At the time of the discussion our relations with France were by no means so friendly as they are now, and it was naturally to France only that we alluded, since they would already hold one end of the tunnel. We need not now discuss any other nation, since any other would have to seize both ends by surprise, and afterwards retain them, which is surely inconceivable. We are now bound in close ties of friendship and mutual interest to France. We have no right to assume that we shall always remain on as close a footing, but as our common peril seems likely to be a permanent one, it is improbable that there will be any speedy or sudden change in our relations. At the same time, in a matter so vital as our hold upon the Dover end of the tunnel, we could not be too stringent in our precautions. The tunnel should open out at a point where guns command it, the mouth of it should be within the lines of an entrenched camp, and a considerable garrison should be kept permanently within call. The latter condition already exists in Dover, but the numbers might well be increased. As an additional precaution, a passage should be driven alongside the tunnel, from which it could, if necessary, be destroyed. This passage should have an independent opening within the circle of a separate fort, so that the capture of the end of the tunnel would not prevent its destruction. With such precautions as these, the most nervous person might feel that our insular position had not really been interfered with. The strong fortress of the Middle Ages had a passage under the moat as part of the defence. This is our passage.

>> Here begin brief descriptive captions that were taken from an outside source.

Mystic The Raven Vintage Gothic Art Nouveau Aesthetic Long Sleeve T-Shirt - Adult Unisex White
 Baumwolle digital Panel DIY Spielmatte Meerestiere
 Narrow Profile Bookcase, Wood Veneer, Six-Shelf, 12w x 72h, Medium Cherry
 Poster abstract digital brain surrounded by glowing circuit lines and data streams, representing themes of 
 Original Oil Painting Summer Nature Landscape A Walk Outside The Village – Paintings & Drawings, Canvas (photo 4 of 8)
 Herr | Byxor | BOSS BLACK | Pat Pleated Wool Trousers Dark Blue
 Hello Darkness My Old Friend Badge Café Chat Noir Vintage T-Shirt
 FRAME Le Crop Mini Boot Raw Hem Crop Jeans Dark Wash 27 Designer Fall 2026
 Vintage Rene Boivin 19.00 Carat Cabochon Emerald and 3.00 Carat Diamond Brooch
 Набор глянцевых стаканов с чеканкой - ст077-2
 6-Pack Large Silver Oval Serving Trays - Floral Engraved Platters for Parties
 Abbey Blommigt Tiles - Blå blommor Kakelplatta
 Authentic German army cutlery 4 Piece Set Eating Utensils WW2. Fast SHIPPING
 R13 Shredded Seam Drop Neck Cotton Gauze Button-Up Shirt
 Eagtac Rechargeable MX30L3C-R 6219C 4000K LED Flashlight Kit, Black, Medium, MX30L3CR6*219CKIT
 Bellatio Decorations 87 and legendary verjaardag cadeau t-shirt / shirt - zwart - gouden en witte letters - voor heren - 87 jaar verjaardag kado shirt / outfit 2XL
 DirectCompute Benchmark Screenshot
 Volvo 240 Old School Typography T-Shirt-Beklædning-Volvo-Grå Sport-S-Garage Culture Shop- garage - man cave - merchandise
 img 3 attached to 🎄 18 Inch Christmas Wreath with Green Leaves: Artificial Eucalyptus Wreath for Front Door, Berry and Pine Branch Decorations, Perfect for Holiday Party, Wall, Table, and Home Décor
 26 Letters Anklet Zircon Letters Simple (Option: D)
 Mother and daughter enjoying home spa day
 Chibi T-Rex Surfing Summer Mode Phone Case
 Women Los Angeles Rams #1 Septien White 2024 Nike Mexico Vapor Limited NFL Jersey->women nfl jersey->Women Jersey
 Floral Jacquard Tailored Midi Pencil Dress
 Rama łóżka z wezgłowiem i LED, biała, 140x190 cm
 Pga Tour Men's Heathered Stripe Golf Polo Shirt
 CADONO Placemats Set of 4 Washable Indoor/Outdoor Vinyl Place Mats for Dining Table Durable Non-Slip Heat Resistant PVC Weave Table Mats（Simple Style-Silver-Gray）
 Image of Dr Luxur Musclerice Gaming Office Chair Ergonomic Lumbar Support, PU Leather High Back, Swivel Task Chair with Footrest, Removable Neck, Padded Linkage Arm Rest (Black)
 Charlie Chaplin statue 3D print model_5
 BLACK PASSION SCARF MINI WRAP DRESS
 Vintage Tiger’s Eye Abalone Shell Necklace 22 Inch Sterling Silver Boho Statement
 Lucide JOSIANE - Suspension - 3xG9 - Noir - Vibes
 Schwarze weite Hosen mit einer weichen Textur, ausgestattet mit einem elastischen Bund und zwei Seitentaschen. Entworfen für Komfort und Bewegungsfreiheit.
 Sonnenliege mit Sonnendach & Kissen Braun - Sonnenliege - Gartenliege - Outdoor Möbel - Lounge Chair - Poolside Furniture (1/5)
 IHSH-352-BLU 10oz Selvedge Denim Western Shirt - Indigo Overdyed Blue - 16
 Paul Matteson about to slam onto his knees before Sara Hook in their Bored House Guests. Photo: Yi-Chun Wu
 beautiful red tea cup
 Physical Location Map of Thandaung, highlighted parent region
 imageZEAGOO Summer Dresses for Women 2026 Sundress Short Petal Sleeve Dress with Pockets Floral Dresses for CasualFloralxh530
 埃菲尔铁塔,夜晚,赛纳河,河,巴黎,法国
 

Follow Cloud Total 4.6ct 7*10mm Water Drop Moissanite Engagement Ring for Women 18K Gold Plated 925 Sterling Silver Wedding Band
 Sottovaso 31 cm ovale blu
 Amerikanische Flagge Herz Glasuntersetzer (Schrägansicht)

Could an enemy in any way destroy it in time of war?

It would, as I conceive, be sunk to a depth of not less than two hundred feet below the bed of the ocean. This ceiling would be composed of chalk and clay. No explosive from above could drive it in. If it were designed on a large scale—and, personally, I think it should be a four-line tunnel, even if the cost were doubled thereby—no internal explosion, such as might be brought about by secreting explosive packets upon the trains, would be likely to do more than temporarily obstruct it. If the very worst happened, and it were actually destroyed, we should be no worse off than we are now. As to the expense, if we are driven into a war of this magnitude, a few millions one way or the other will not be worth considering.